> **AIM OF THE EXERCISE**:
Copy out each line below verbatim, skipping any picture.

> **AVAILABLE DATA**:
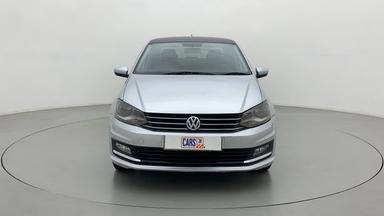 2016 Volkswagen Vento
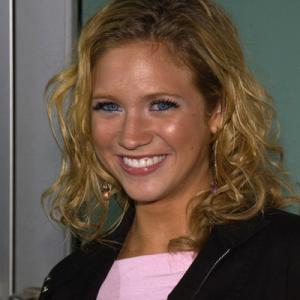 Brittany Snow at event of The School of Rock (2003)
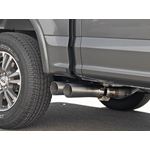 aFe Power Rebel DPF-Back Exhaust System for 201-4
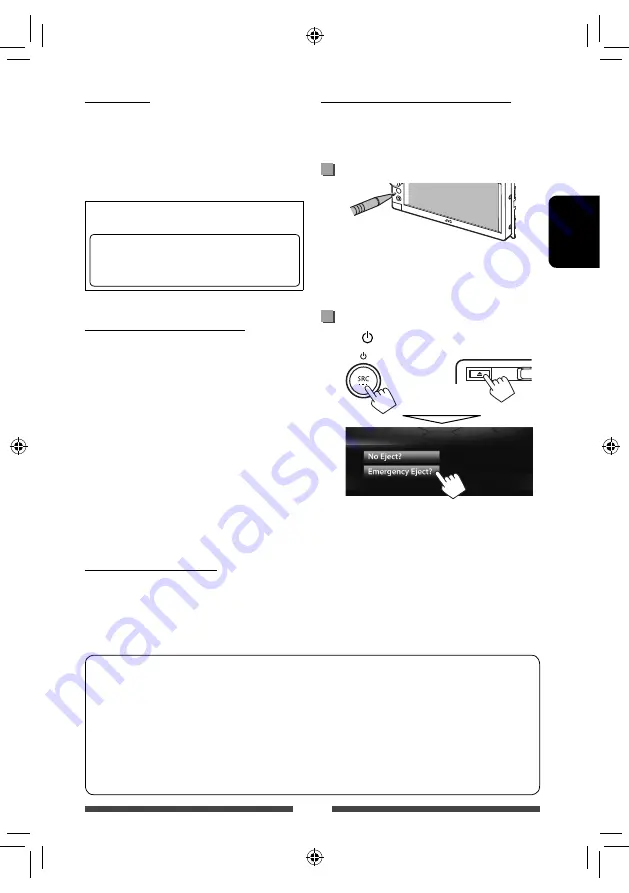 JVC KW-NSX1 Instructions Manual Download Page 74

> **THE COMPLETED TASK**:
 2016 Volkswagen Vento
 Brittany Snow at event of The School of Rock (2003)
 aFe Power Rebel DPF-Back Exhaust System for 201-4
 JVC KW-NSX1 Instructions Manual Download Page 74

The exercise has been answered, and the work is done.